> _Given information_:
☆ ☆ ☆

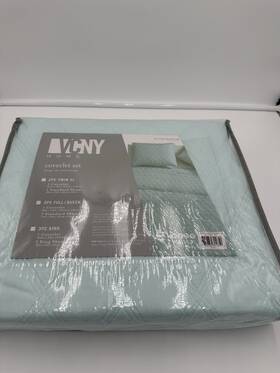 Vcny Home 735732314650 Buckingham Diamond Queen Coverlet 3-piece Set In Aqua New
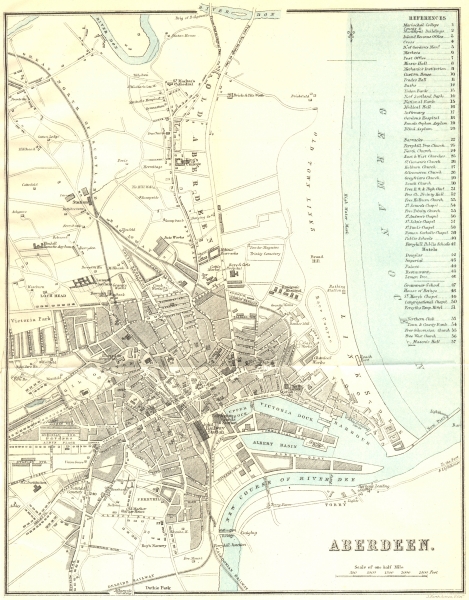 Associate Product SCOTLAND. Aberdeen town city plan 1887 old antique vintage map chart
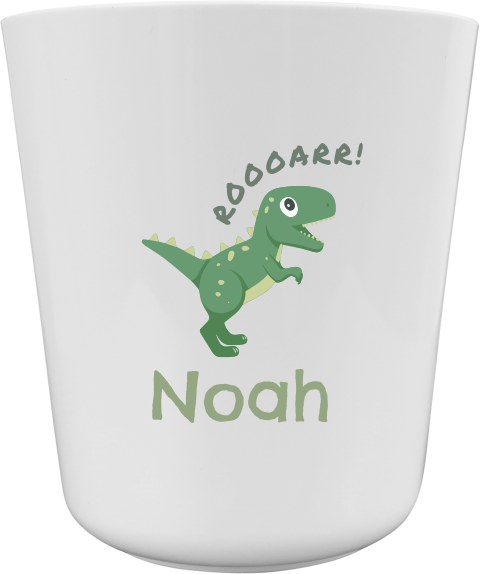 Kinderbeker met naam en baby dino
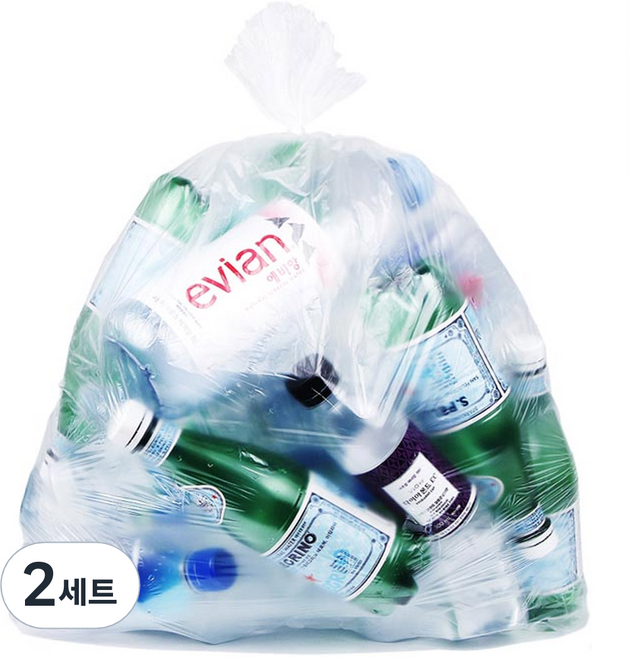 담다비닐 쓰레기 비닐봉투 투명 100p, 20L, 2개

☆ ☆ ☆

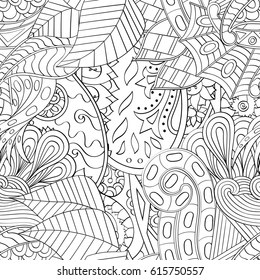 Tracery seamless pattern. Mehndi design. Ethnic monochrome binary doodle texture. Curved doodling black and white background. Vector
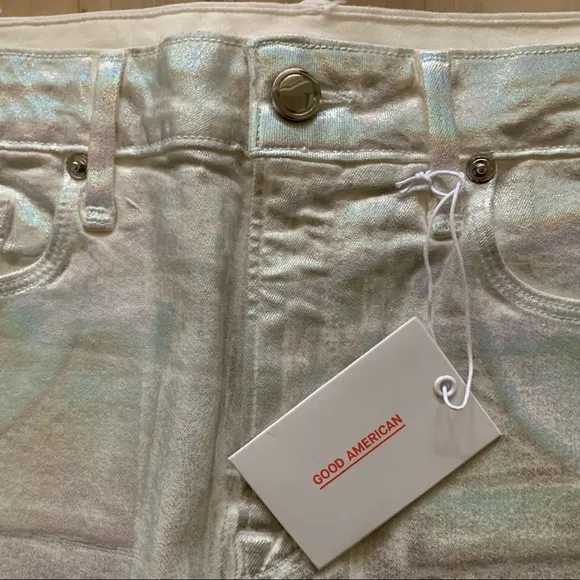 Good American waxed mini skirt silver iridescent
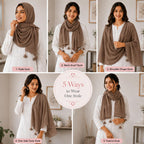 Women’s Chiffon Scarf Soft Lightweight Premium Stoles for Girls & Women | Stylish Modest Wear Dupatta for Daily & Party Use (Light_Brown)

☆ ☆ ☆

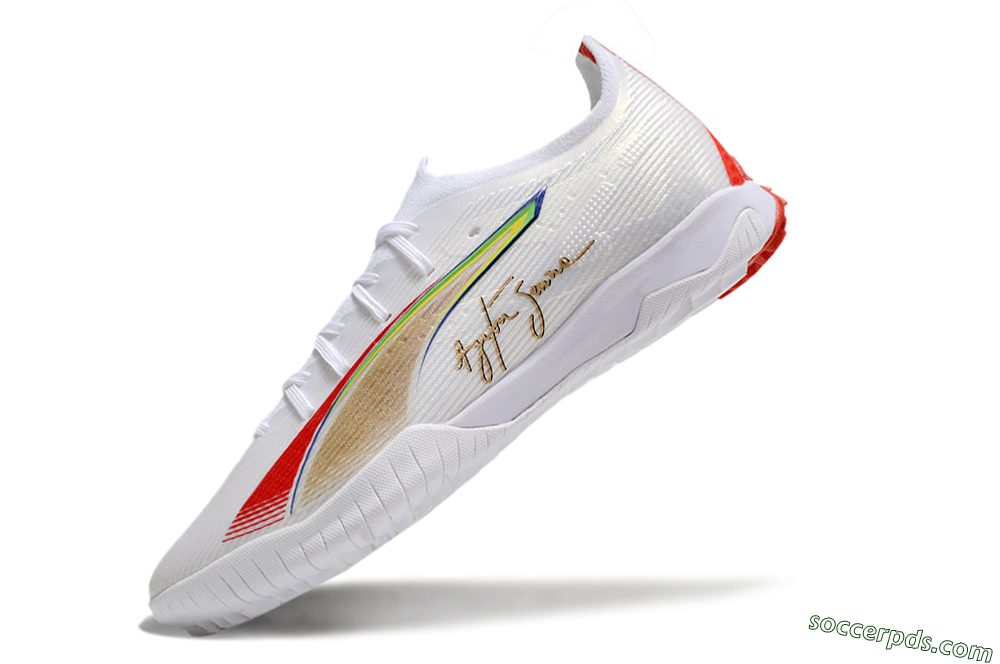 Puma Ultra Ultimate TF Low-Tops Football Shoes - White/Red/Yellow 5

☆ ☆ ☆

Of all the material above, only the lines from the one that has "Vcny Home 735732314650" down to the one that has "담다비닐 쓰레기 비닐봉투 투명 100p, 20L, 2개" are to be written out, exactly and with both ends included. Pictures are skipped.

> _Your response_:
 Vcny Home 735732314650 Buckingham Diamond Queen Coverlet 3-piece Set In Aqua New
 Associate Product SCOTLAND. Aberdeen town city plan 1887 old antique vintage map chart
 Kinderbeker met naam en baby dino
 담다비닐 쓰레기 비닐봉투 투명 100p, 20L, 2개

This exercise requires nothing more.